Review – Covert

A port from the Oculus Go and Gear VR, Covert is the latest game by White Elk Studios. If the name is familiar, they are the minds behind another recent mobile-to-console port: Eclipse: Edge of Light. While Eclipse placed you in an extremely secluded walking simulator, Covert embraces the polar opposite. It is a co-op only game that requires team-work and constant communication and direction.

You either play inside the headset as the thief, or you play on a tablet as the hacker. Joining a game is easy to do but does require the tablet to have the Covert Companion App for iOS and Android, which will take you about half a gigabye. When the VR player starts a game, he/she will be given a PIN which the tablet player uses to join the session. This allows you to play inside the same room for some couch co-op, or over a network. However, let’s face it, Covert is meant to be a couch co-op experience.

As the thief, your job is to navigate the world. Your friend will give you all the intel they can, but it is you that will need to avoid detection, slip past sensors and guards, and access systems for the hacker to do their thing. The thief is the leg-work. It’s the thief that will actually have to get from point A to point B.

As the hacker, your job is to manipulate the environment. You will open doors, power objects on and off, and guide your VR counterpart through the maze of hallways and rooms. I was surprised at how much there is for the hacker to stay actively present through each level. You will ping objects of interest for the thief to scan, ping enemy locations to avoid, light flash to blind enemies if you’re detected, and work cooperatively to complete puzzles.

Covert-Companion-Stacy

Time to put everything you learned on 24 into practice.

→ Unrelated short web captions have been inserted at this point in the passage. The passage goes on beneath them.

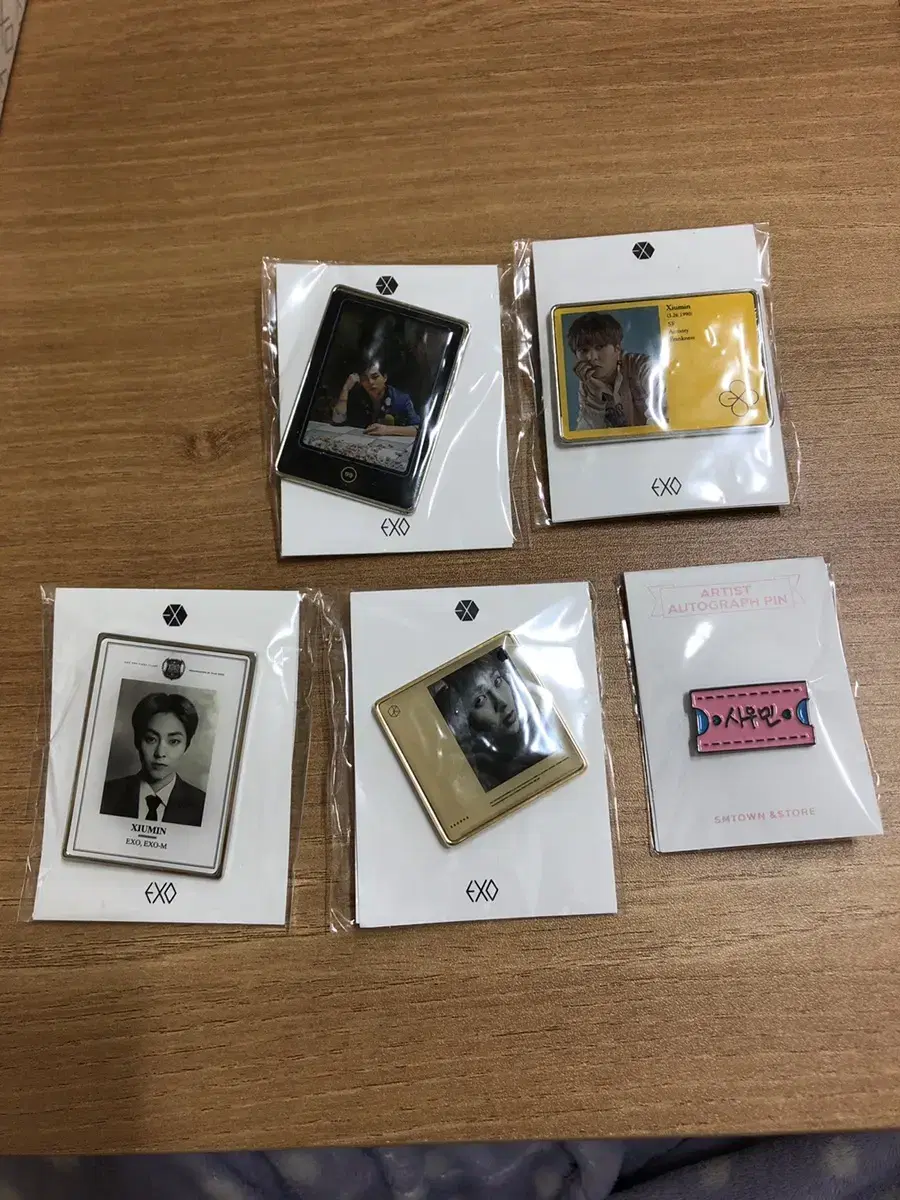 EXO xiumin Official Pin Badge (unsealed)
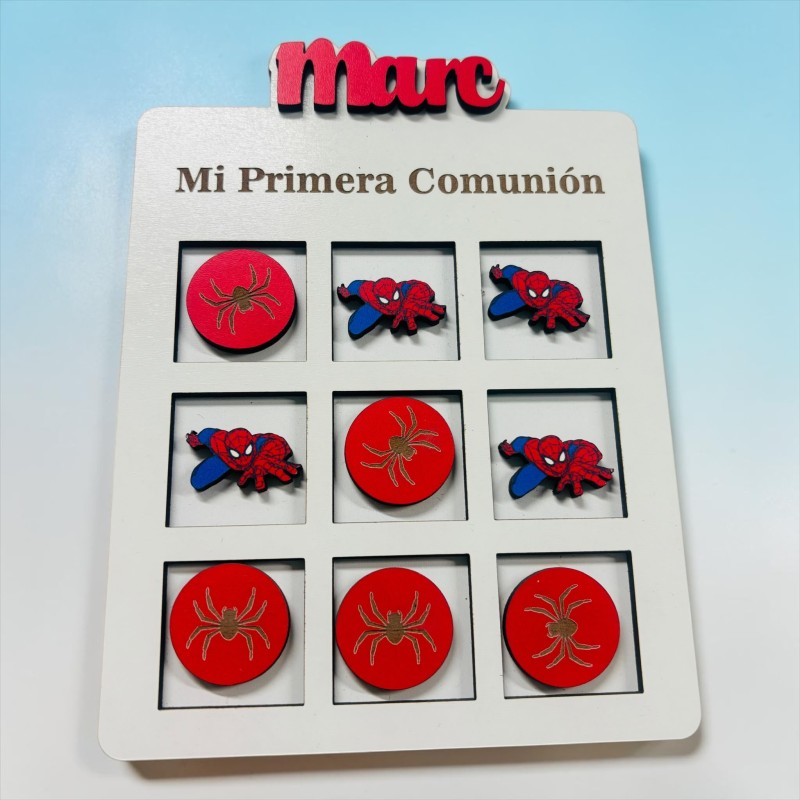 TRES EN RAYA PERSONAJES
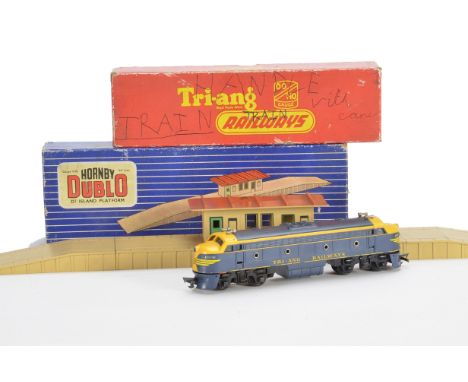 Tri-ang and Hornby Dublo 00 Gauge Engine and Station, Tri-ang R159 TC blue Double Ended Diesel Locomotive and Dublo D1 Island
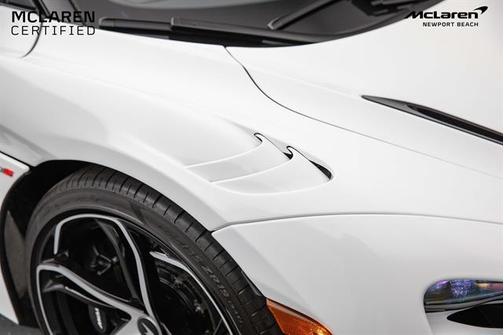 2024 McLaren 750S Base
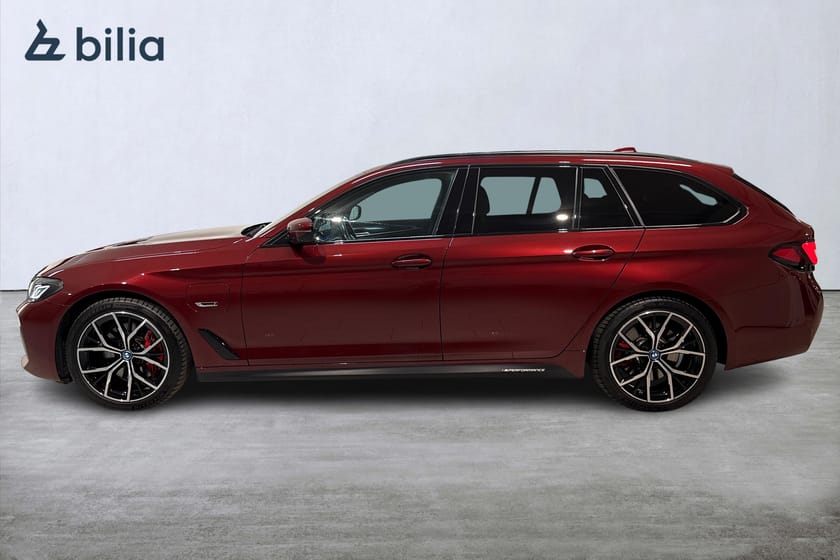 Bild 3 av BMW 530e xDrive Touring M Sport Pro / Driving Prof / H/K / 360 / Drag / Adaptiv LED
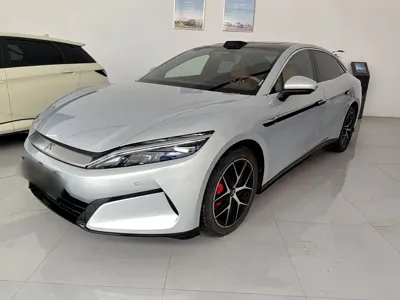 BYD 汉L 2025, 3600 км, за 197399 CNY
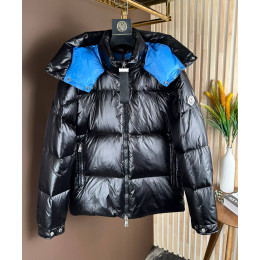 Пуховик Moncler 
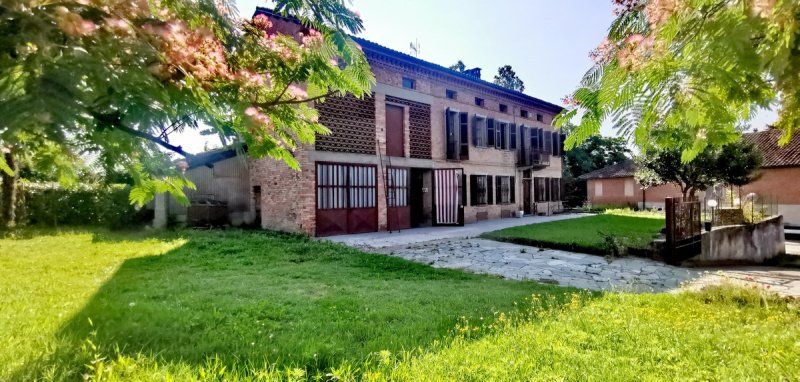 Detached house in Rocca d'Arazzo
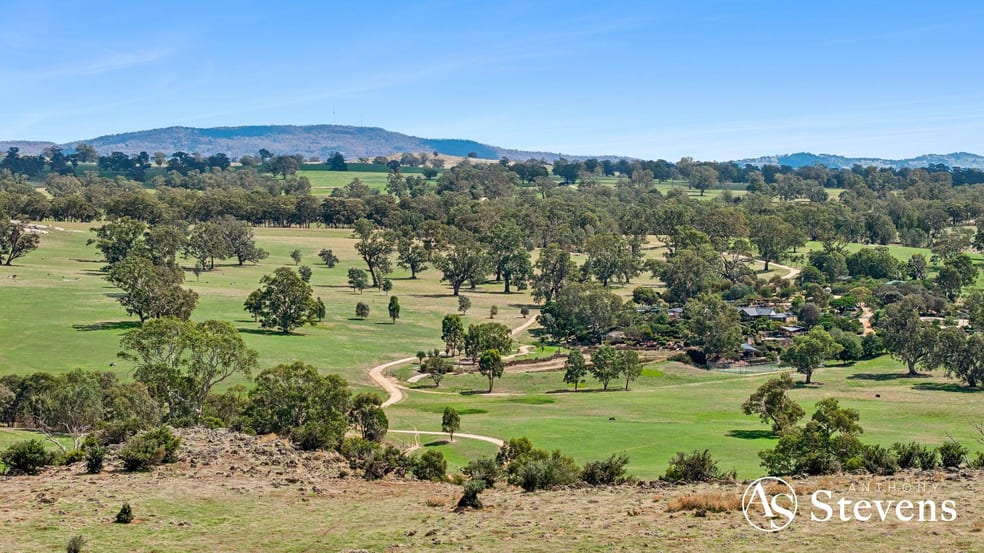 Click to view all images 866 Coliban Park Road Redesdale VIC 3444 - Image 1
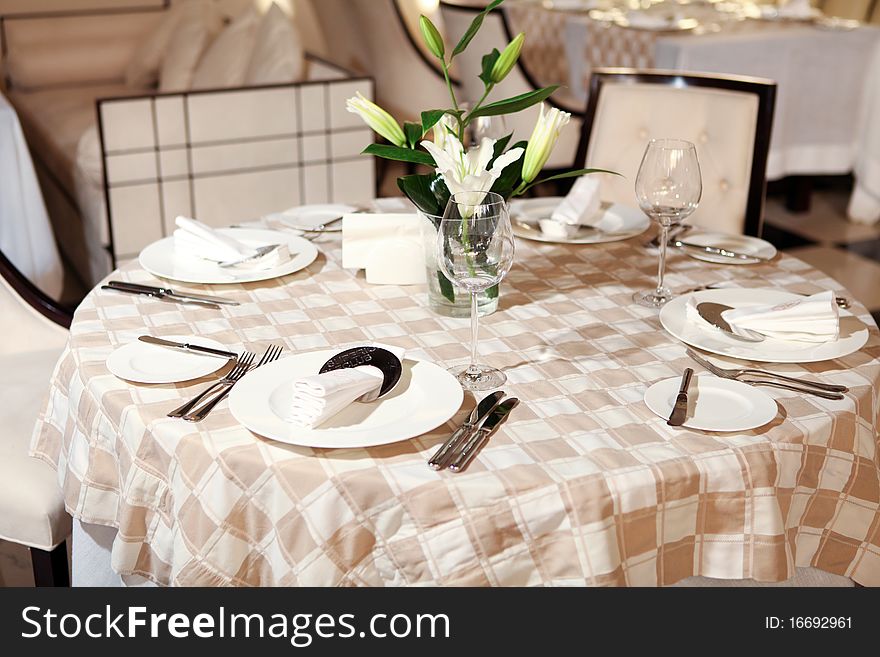 Decorated table with bouquet of white lily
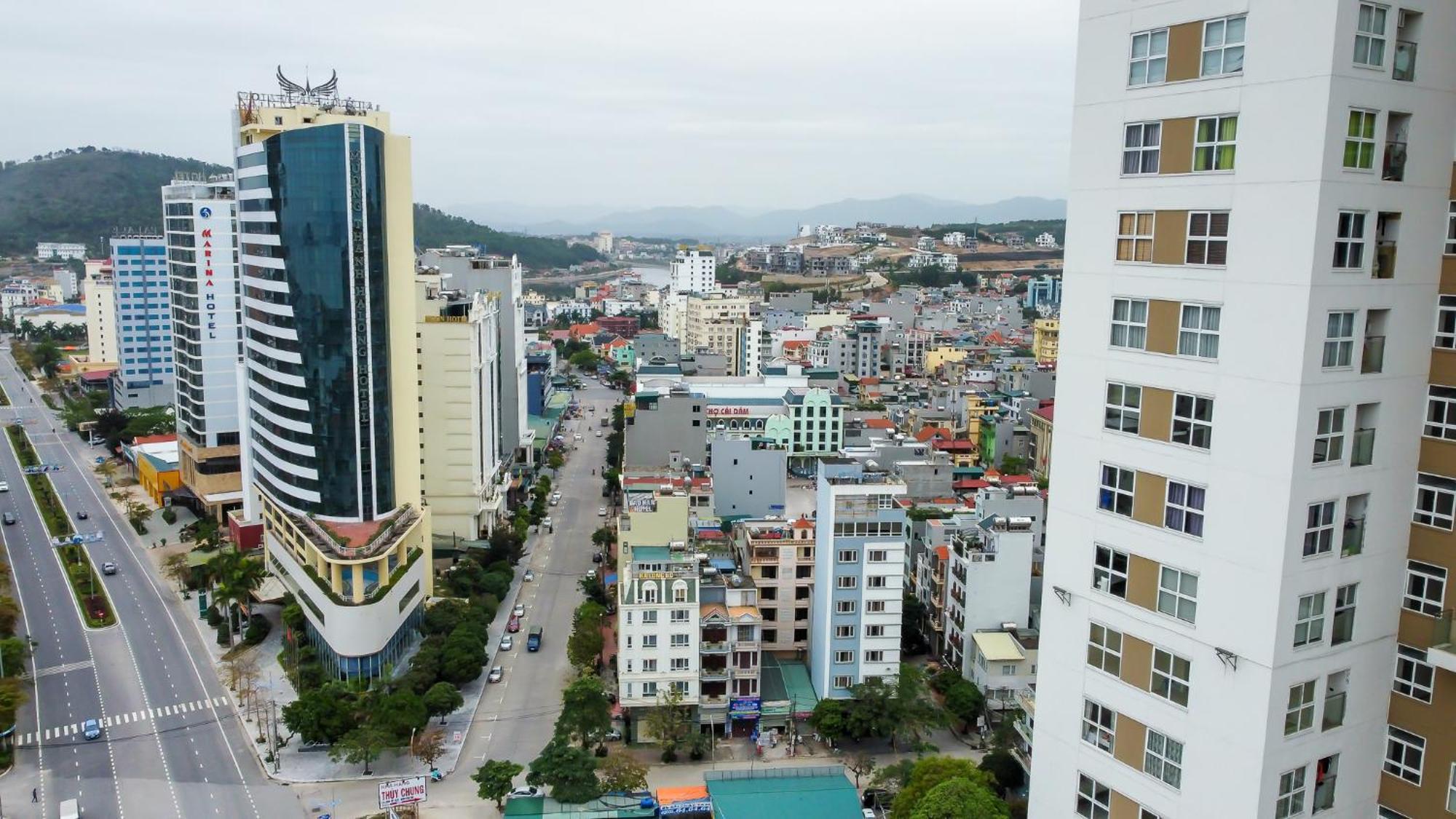 Halong Luxury Apartment Ha Long Exterior photo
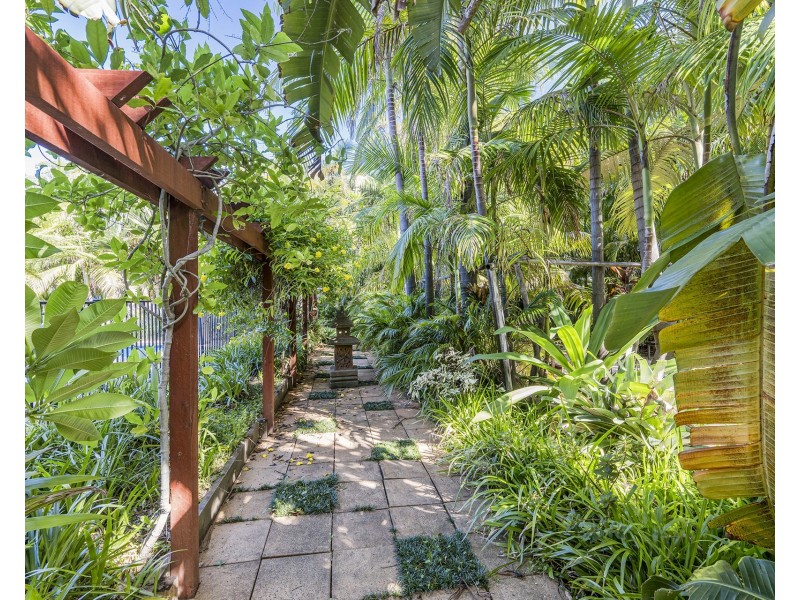 5 Edgewater Close, Lake Cathie NSW 2445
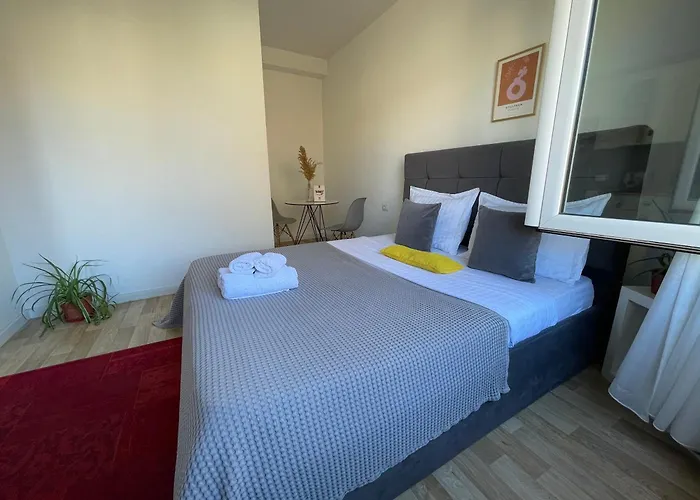 Bricks * Тирана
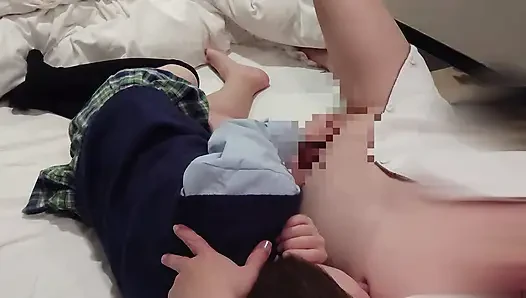 Meine muschi prickelte, also stieg ich drauf und steckte meinen schwanz in mich. Creampie beim tragen einer college-mädchen-uniform. Amateur.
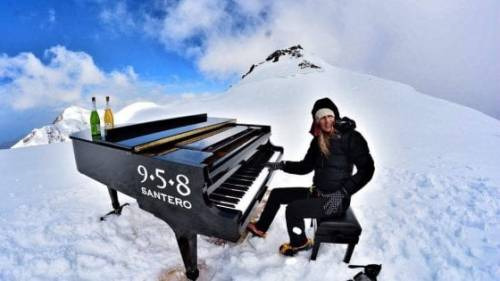 Musica classica e vino insieme per celebrare l’arte a 4.460 metri: il giovane talento italiano Elisa Tomellini suona sul Monte Rosa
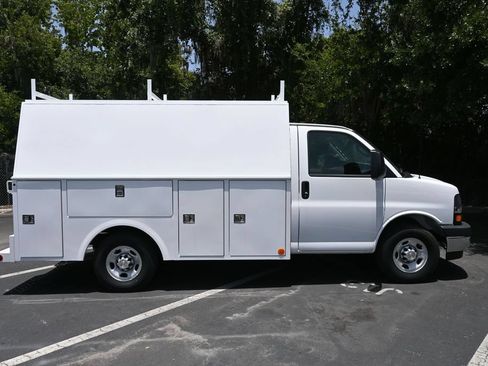 New 2025 Chevrolet Express 3500 w/ Power Convenience Package RWD image 6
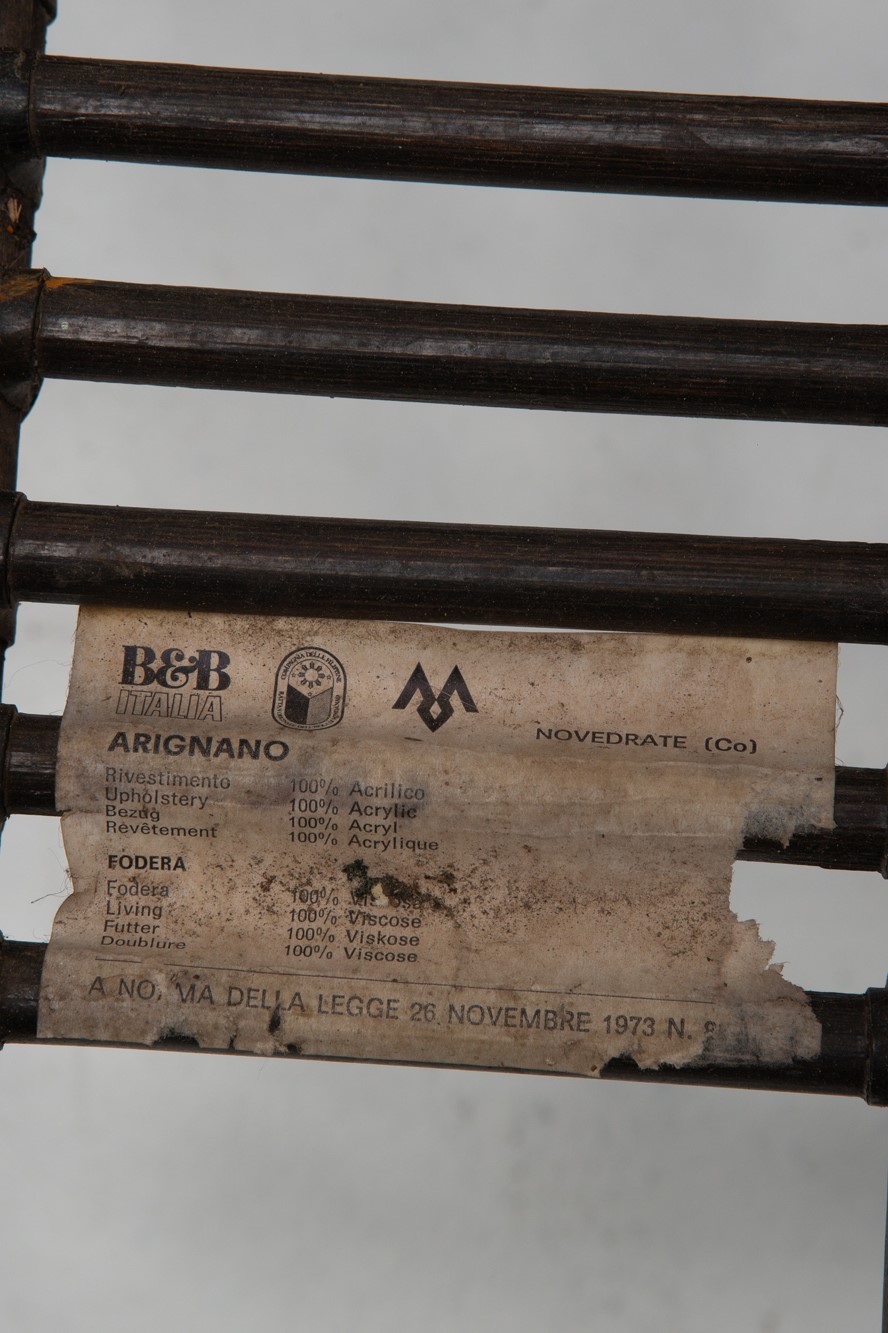 Dieci poltrone della serie Basilan I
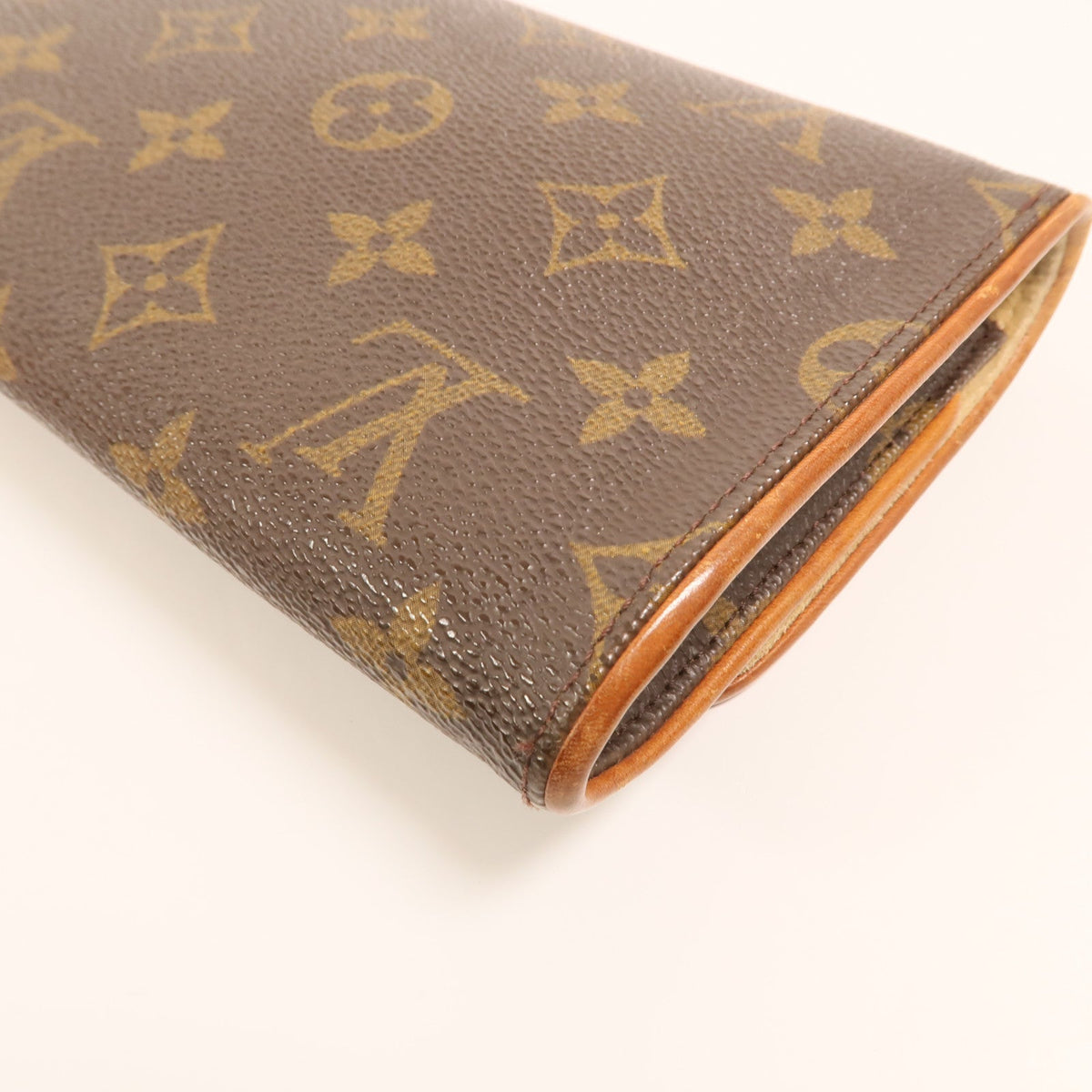 Louis Vuitton Pochette Twin GM · Monogram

That is the best part of Covert, the cooperation between the thief and the hacker. It was a lot of fun to play beside either my wife or my son, swapping off from thief to hacker to thief again. Learning a little of how each is played helped me guide the thief better, or as the thief, detail what I need them to locate for me.

You can play Covert with both a Dualshock 4 as well as your Move controllers. The DS4 gives you a more familiar play but I just can’t get as into VR without having arm and hand movement. With the Move controllers, your left hand will mostly control moving forward, backward, and strafing left and right. Your right hand will handle turning, scanning, and interacting. Moving your head left or right will handle minor veering of your direction. Also, rest assured, you can change your movement from 90 degrees, to 45, to 15, and to smooth.

Motion sickness isn’t distracting, but it isn’t entirely eliminated either. Limited turning obviously helps. Playing on smooth turning, which is what we all immediately look to change to, did cause minor slight nausea. I found that trading off Thief and Hacker jobs was enough to limit even that.

Covert-Guard

Chicks dig the shades.

Graphically, Covert is an obvious port of a mobile VR game. The PSVR and Rift ports are clearly a definitive edition of sorts, but the room design and layouts are clearly made for devices with limited hardware in mind. Every room feels the same with 90 degree walls and objects. You enter a large room with an objective, then scatter in about five other cube shaped objects. Go into next large room that looks fairly identical with five different cube shaped objects. The actual character design is fun and cartoon-like.

The voice acting really is rather good. Both the VR and tablet player get the same voice over narration and instructions, with the occasional telecom hack by the antagonist. They are the perfect amount of agency and villain trope. Neither player is left out of the game or made to feel they are just an instrument. However, playing in the same room can be annoying since the timing is off by a fraction and causes an echo effect.

Covert-Lasers

Covert is a great little heist adventure if you are a fan of couch co-op titles and have family or friends nearby. The often hilarious back and forth interactions are casual enough to include mostly anyone while never devolving the fun into frustrated arguing or finger pointing. The approximate five hours worth of missions keep both players involved and offer a fair amount of laughs and satisfaction when you reach the end of them.

 

Graphics: 6.5

Really enjoyed the character animation but the room design is limited and a bit too repetitive.

Gameplay: 7.5

Fun but somewhat repetitive level design. Very good collaboration between VR and tablet players.

Sound: 8.0

Enjoyable script and voiceover of the agency and antagonist rogue agent.

Fun Factor: 8.0

Sometimes hilarious teamwork that never devolves into frustration and blame.

Final Verdict: 7.5

Covert is available now on PC and PSVR.

Reviewed on PS4 Pro.

A copy of Covert was provided by the publisher.